Here’s more from Knight Frank:
Most market activity focused on lease renewals, especially in Kowloon East. Notable renewals included Chong Hing Bank, which expanded 34,326 sq ft at Enterprise Square 5 in Kowloon Bay; CTBC Bank renewing 27,475 sq ft at Manhattan Place in Kowloon Bay; Far East Façade, an international façade contractor, also renewed 20,000 sq ft at Eastcore in Kwun Tong.
The lack of notable new lettings suggests that many businesses postponed relocation decisions during the festive season. Some larger deals, exceeding 10,000 sq ft, are still in negotiations, indicating a potential uptick in the new letting activity post-festival.

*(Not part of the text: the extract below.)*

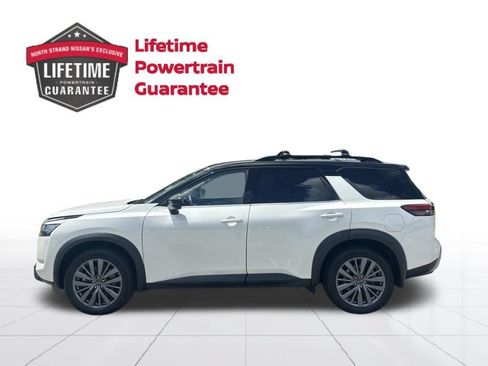Certified 2024 Nissan Pathfinder SL w/ SL Premium Package AWD/4WD image 4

On the other hand, some companies are opting to renew existing leases, often downsizing their spaces by 10% to 15% to align with current operational needs. This trend is particularly evident in manufacturing, trading, and sourcing sectors as businesses optimize workflows and reduce staff requirements.
Overall, we expect demand in the Kowloon office market to remain weak in the near term. Nonetheless, with projections of less than 1 million sq ft of new office supply within 2025, it may lead to a faster net take-up rate, suggesting rents are unlikely to decline significantly in 2025.